WORK INSTRUCTION:
Copy word for word the lines from the start of the records through the line that contains "Hello, I'm Divya", both included.

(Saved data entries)
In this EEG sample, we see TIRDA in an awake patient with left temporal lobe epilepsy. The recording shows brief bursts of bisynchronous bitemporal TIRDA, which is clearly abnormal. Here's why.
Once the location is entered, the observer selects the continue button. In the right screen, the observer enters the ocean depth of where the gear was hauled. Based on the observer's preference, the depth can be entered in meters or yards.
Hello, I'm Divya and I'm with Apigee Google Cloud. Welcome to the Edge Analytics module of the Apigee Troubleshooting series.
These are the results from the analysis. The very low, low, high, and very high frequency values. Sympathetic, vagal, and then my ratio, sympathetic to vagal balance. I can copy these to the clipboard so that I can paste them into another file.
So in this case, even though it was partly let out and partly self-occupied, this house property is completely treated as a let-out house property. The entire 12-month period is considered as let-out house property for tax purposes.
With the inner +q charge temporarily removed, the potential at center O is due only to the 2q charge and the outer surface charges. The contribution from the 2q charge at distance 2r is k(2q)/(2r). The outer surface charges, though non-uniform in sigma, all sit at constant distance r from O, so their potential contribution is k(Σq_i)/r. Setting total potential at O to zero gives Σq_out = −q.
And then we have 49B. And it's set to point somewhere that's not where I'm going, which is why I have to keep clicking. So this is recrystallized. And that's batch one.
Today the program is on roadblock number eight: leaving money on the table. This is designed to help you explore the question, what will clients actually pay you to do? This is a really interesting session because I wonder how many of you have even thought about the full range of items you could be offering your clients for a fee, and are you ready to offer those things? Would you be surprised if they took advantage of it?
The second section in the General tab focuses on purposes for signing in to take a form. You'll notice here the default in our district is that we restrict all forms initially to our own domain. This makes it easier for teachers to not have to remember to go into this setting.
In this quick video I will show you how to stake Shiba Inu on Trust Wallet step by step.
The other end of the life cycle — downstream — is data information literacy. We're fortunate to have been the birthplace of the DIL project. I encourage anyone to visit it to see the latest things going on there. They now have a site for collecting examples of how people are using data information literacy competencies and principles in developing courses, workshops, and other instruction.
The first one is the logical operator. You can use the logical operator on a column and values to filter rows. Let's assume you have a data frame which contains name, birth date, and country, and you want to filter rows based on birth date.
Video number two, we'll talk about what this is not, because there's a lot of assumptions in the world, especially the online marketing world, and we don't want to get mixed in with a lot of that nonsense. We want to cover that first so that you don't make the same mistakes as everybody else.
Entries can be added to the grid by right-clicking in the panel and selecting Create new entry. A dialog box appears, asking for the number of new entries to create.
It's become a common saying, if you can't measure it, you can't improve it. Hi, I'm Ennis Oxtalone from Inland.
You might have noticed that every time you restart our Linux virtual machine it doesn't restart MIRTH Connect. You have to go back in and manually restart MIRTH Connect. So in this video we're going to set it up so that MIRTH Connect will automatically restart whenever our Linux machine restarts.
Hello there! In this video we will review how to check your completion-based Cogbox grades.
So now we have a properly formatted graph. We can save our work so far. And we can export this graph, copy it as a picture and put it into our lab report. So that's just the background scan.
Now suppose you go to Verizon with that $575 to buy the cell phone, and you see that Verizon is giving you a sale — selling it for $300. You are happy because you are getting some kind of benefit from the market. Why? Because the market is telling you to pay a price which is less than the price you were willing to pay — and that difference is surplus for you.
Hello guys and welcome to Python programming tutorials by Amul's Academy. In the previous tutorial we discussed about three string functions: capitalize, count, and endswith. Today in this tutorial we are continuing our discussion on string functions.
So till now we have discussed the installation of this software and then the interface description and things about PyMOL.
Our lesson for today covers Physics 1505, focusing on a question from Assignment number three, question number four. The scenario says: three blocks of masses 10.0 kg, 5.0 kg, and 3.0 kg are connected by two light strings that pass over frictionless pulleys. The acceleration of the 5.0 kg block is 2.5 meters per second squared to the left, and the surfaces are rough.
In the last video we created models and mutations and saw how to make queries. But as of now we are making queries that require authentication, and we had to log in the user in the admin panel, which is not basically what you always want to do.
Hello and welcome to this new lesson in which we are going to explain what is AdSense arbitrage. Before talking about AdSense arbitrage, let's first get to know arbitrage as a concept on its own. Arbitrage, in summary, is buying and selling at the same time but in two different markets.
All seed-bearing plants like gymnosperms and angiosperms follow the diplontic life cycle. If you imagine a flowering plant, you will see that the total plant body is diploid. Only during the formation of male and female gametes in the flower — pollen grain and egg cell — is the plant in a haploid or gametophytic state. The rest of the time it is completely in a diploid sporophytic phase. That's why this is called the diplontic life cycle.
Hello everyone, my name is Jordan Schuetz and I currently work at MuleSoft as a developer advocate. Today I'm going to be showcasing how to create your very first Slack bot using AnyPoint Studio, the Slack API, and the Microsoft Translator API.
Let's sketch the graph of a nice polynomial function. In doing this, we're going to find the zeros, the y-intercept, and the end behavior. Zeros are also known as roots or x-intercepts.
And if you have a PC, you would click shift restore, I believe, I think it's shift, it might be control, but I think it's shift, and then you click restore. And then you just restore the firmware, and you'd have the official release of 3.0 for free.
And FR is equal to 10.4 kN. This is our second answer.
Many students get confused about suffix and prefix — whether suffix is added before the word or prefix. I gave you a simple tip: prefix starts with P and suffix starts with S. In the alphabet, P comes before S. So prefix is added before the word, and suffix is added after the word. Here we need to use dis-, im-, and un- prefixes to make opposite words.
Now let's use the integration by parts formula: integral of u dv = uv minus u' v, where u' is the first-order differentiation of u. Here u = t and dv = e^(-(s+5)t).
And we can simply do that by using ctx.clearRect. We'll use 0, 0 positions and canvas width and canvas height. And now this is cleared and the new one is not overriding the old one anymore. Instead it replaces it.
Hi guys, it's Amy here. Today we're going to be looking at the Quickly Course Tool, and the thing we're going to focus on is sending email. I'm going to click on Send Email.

YOUR RESPONSE:
In this EEG sample, we see TIRDA in an awake patient with left temporal lobe epilepsy. The recording shows brief bursts of bisynchronous bitemporal TIRDA, which is clearly abnormal. Here's why.
Once the location is entered, the observer selects the continue button. In the right screen, the observer enters the ocean depth of where the gear was hauled. Based on the observer's preference, the depth can be entered in meters or yards.
Hello, I'm Divya and I'm with Apigee Google Cloud. Welcome to the Edge Analytics module of the Apigee Troubleshooting series.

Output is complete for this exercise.